H. 1265, 111th Cong. 1st Sess., Stop Tax Haven Abuse Act, introduced March 3, 2009, referred to Committee on Courts and Competition Policy, Title IV entitled Clarification of Economic Substance Doctrine.

The bill aims to resolve or inform two, and only two, uncertainties that Congress believes the courts encounter when applying what the bill calls the “economic substance doctrine” to federal income tax disputes. The uncertainties are how to compute economic substance and whether economic substance has both an objective and a subjective component.

The proposed resolutions are:

  • to establish a necessary but not sufficient test for “economic substance” that requires finding both a meaningful objective economic effect for the taxpayer and a substantial non-federal tax purpose;  
  • to impose a separate test for “economic substance” in the case where a taxpayer relies solely on a transaction’s profit potential, which requires present valuing, taking account of fees and expenses and a finding of “substantiality”; and  
  • to exclude from the qualifying purposes one based on financial accounting benefits (which derives from positions taken by Enron) and one based on non-federal tax reductions that are equal to or less than federal tax reductions (which is similar to rules applicable to tax-free spin-offs, which require a business purpose).

Two important facts about the bill are clear from the foregoing summary:

  • It does not undertake to either impose or define an “economic substance doctrine” requirement in the income tax; and
  • It assumes that taxpayers undertake business transactions for reasons other than profit potential and economic effect.

These two facts themselves suggest uncertainties that are just the beginning of the new uncertainties that will be created by the bill. Of course, failing to answer all possible questions is not a reason to reject a “half a loaf” piece of legislation.
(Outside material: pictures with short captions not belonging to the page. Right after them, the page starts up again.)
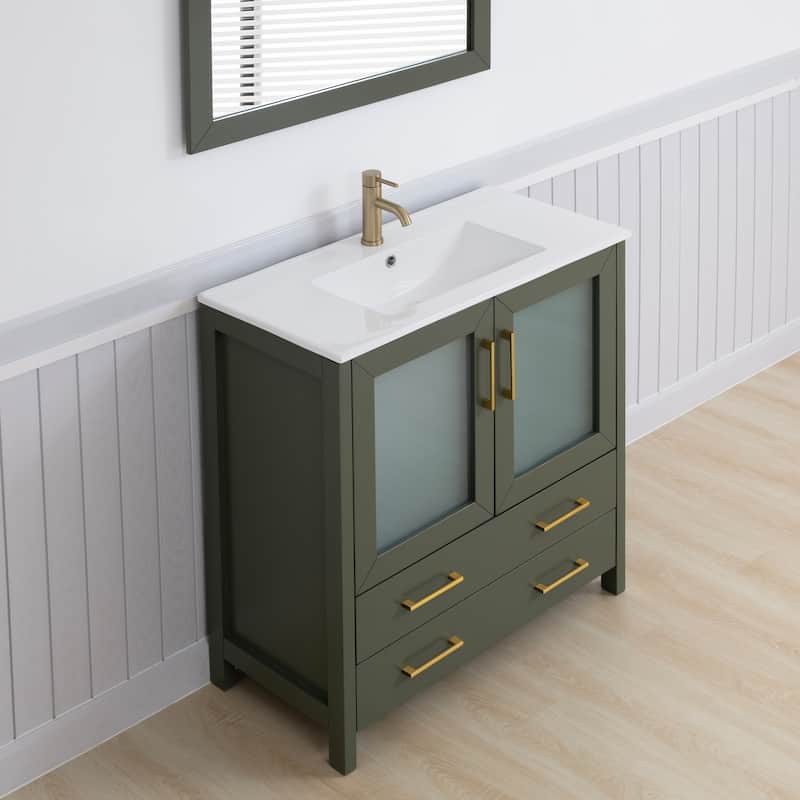 Vanity Art 36-Inch Single Sink Bathroom Vanity Set Dove-Tailed Drawers, 1 Cabinets, 1 Shelf, Soft-Closing Doors with Free Mirror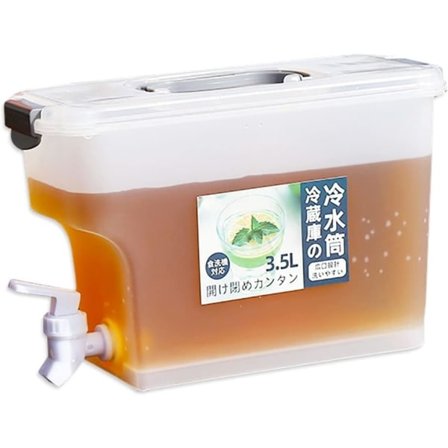 Drikkedispenser med tappekran 3,5L Vannbeholder, for kjøleskap, Juicedispenser Kjøleskap Kald vannkanne Lag te Plast Juicedispenser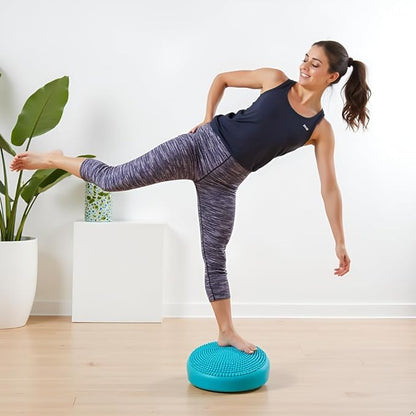 AppleRound Inflated Wobble Cushion with Hand Pump, Air Stability Board (Extra Thick), Core Balance Disc for Adults, Sensory Wiggle Seat for Kids, Flexible Seating for All Age, 13.5in / 34cm Diameter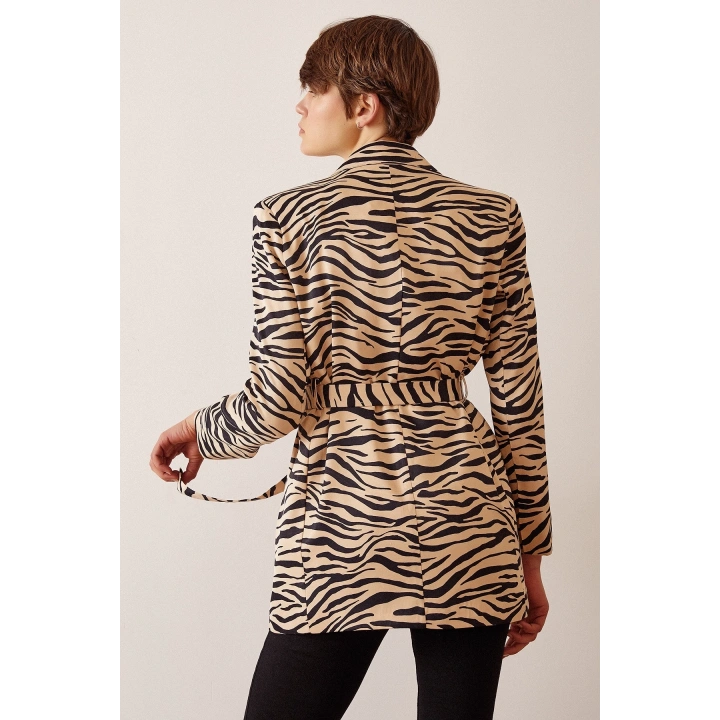Düğmeli Kuşaklı Blazer Ceket Leopar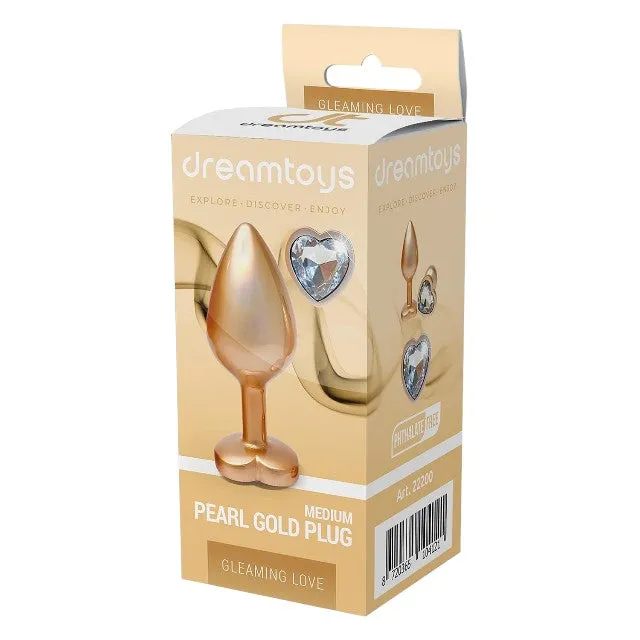 Plug anal DREAMTOYS Pearl Gold Plug. cu bază în formă de inimă. lungime 8.3 cm. diametru 3.4 cm. auriu. mărime M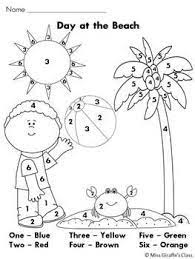 Summer Math Color By Number Worksheets Summer Math Math Coloring Summer Preschool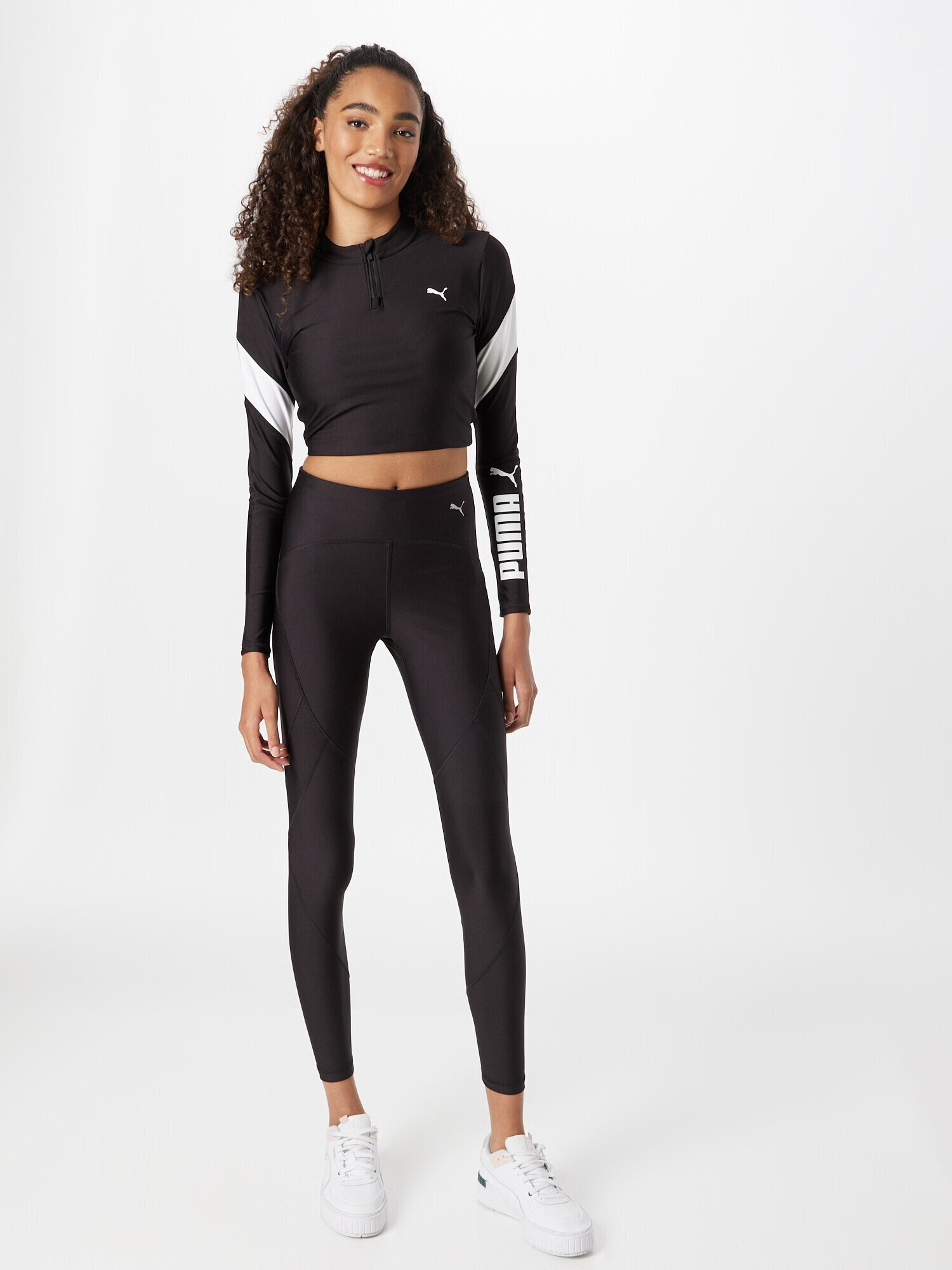 PUMA Pantaloni sport negru / alb - Pled.ro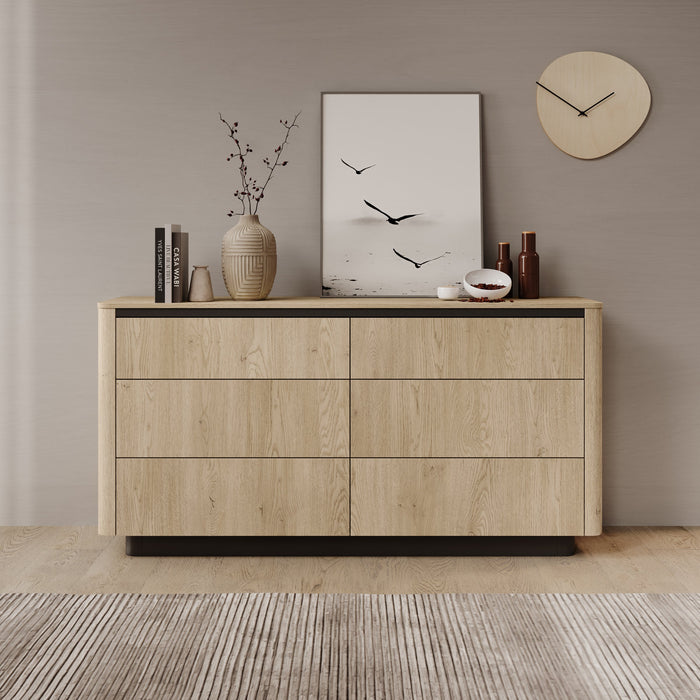 Meubella - Taywan - Ladekast met 6 lades - Eiken - 163x38x83 cm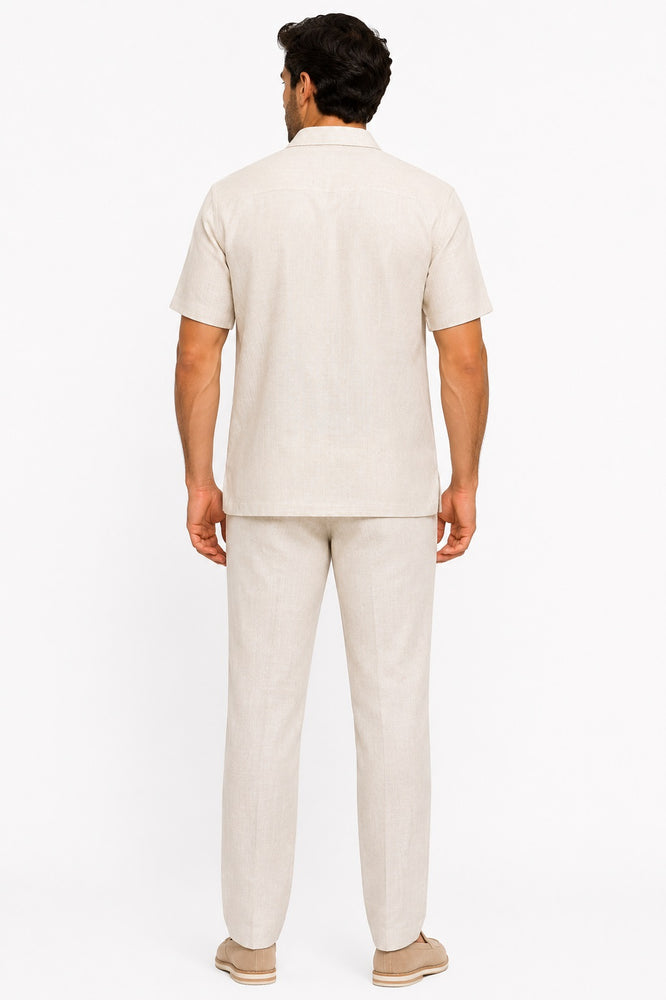 Mens Linen Suit - Summer Casual Two Piece Mens Walking Outfit For Sale Pant Sets Casual Suit Short sleeve Shirt + Pants Natural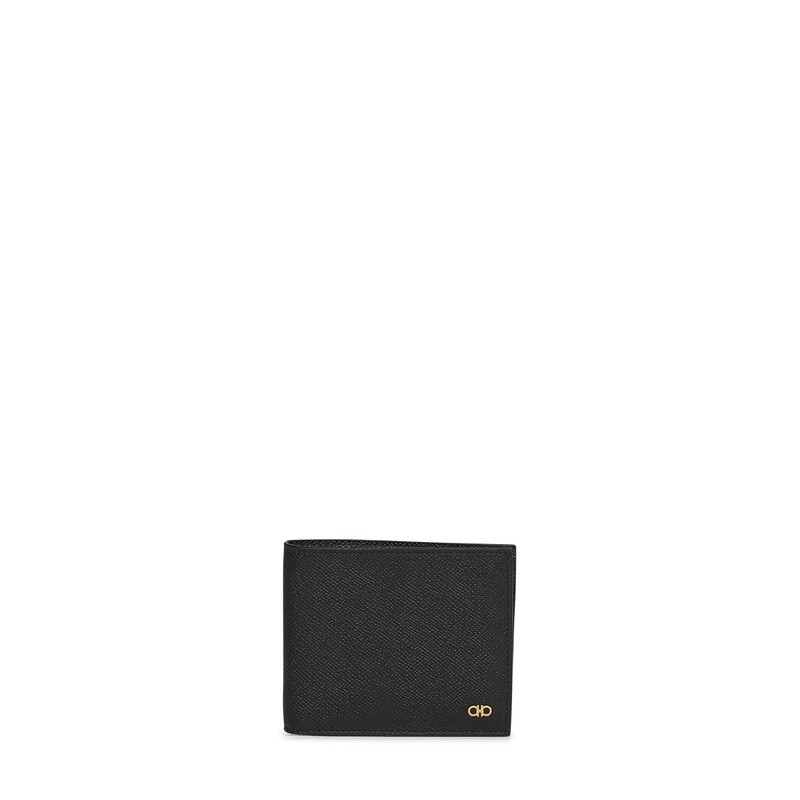 Black hammered calfskin Gancini wallet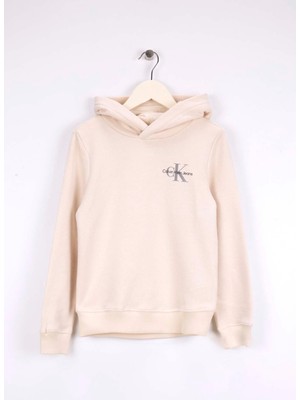 Calvin Klein Baskılı Kız Çocuk Ekru Sweatshırt IU0IU00266PGB
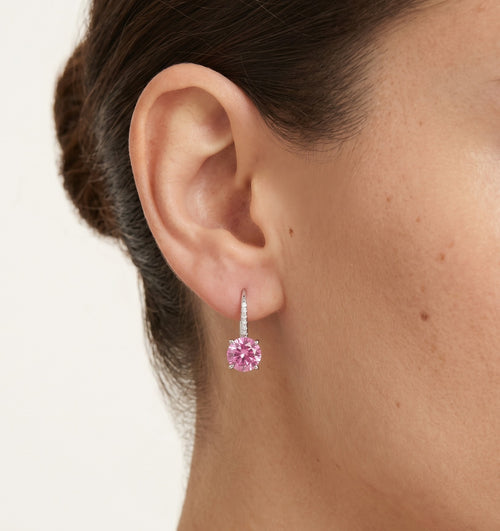 Sterling silver drop earrings with round rose quartz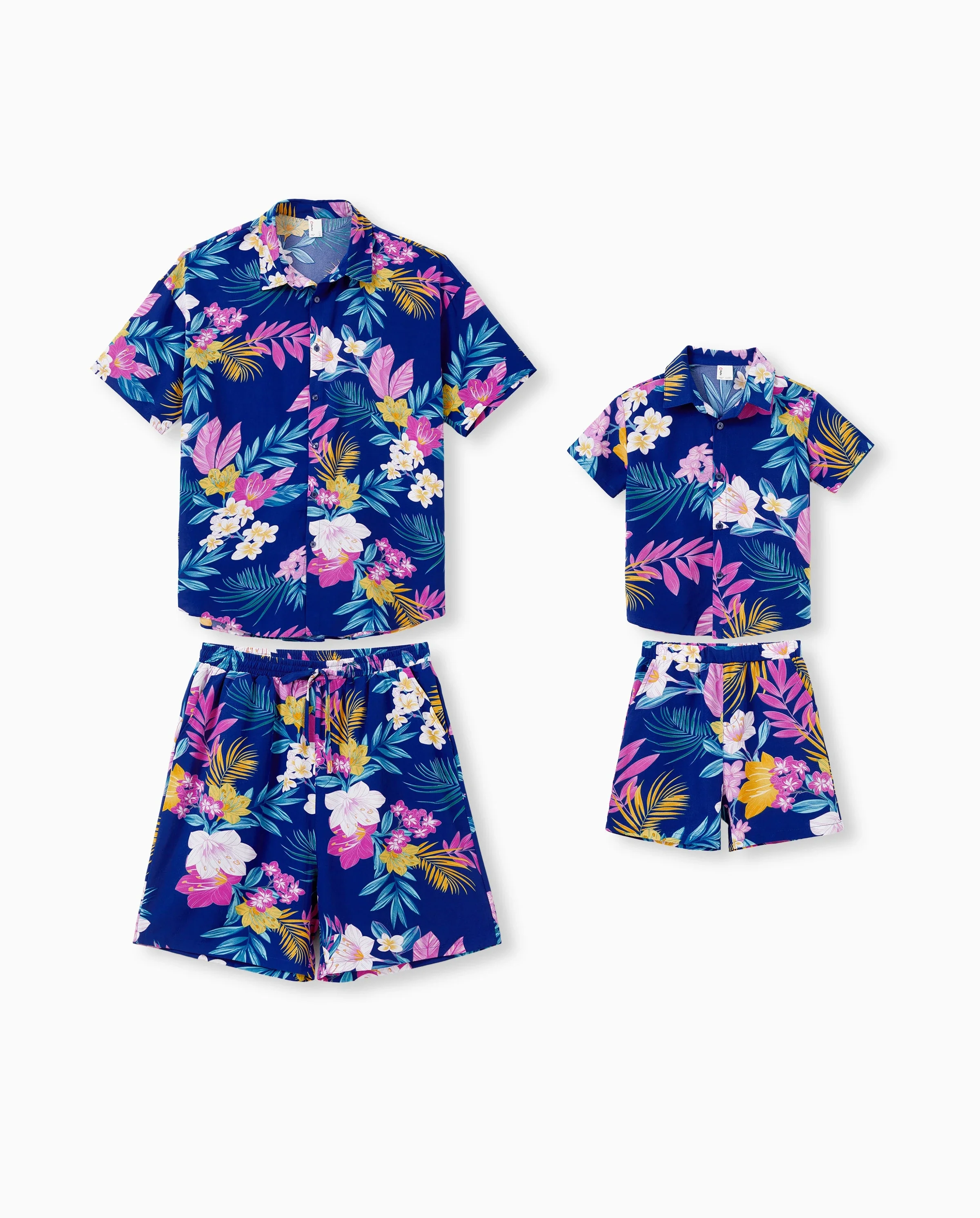 Daddy and Me Matching Family Hawaiian Outfits Tropical Floral Print Strap Dress or Short-sleeve Shirts & Shorts Set Summer Beachwear Set for Vacation  Deep Blue - Image 7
However, when the loaf size is considerably less than half, and the unresolved issues are core issues of the income tax, particular care should be taken to avoid causing more problems than are solved.

For example, the incremental approach has not been particularly successful for Congress in the area of tax-free spinoffs. Congress has substantively amended section 355 seven times since the Tax Reform Act of 1986, mostly to try to curb “abuses.” Despite this, it remains the go-to tax reduction provision for corporations, a position that was exacerbated by the 1986 repeal of the “General Utilities Doctrine,” which had provided corporations another route to distribute property without tax. The 1986 repeal illustrates the unintended consequences that often accompany well-meaning tax law changes.

The unanswered questions, and hence future disputes built into the bill, include the following:

  • Is there an economic substance doctrine that applies in income tax cases at all, and what exactly is it?
  • The section is headed “clarification of economic substance doctrine”; is not Congress interested in what that doctrine might be generally and when it should apply? Does the word “clarification” mean that the Congress adopts it?
  • Does any such doctrine apply in estate and gift tax cases, excise tax cases, employment tax cases, etc.?
  • Is the application of the legislation limited to courts, or is the IRS supposed to apply it? Or, rather, is the IRS supposed to estimate how the courts will apply it?
  • What if a court concludes that economic substance is a subset of “substance over form” and concludes that “substance over form” does not apply?
  • Is the bill really telling courts how to find facts? Is that a proper subject of legislation?
  • What are the sorts of non-profit-making business purposes that the bill contemplates? Employee morale boosters? Loss leaders?
  • What does a taxpayer have to do to “rely on profit potential”? If a taxpayer says it did not rely on profit potential, does that part of the test fall out?
  • Are not the taxpayer purpose and the economic substance really the same thing when it’s a matter of profit potential and, when it is not, exactly what sort of purpose is the bill looking for?
  • How much is a “substantial” profit potential? How does this term relate to the “substantial part” used in testing the business purpose of a spin-off or the “principal purpose” used in section 269?
  • Do the bill’s tests apply at the macro level of an integrated transaction only? (They appear to, which means intervening steps can lack business purpose?)
  • Would not this statute overrule the Supreme Court’s decision in Cottage Savings Assn. v. CIR, 499 U.S. 554 (1991), which allowed S&Ls to recognize losses by swapping interests in economically identical mortgage pools that left them in the identical economic positions after the swaps as before, and that were done solely to generate loss recognition and save taxes?
  • What does the bill mean when it refers to a “common law doctrine”? Does this mean Congress promotes every line of case law into “common law”?
  • The bill uses the term “federal tax purpose”; presumably this means purpose of reducing federal taxes—does the bill leave no room for a tax reduction transaction that Congress clearly intended? Does the bill count on some other “common law” doctrine to trump it in these cases? Is it wise to pull at one end of this ball of string?

Conclusion

Something like this bill is likely to be enacted this year. It will change the playing field for analysis of the likelihood of tax outcomes, but exactly how may still be unclear even after enactment.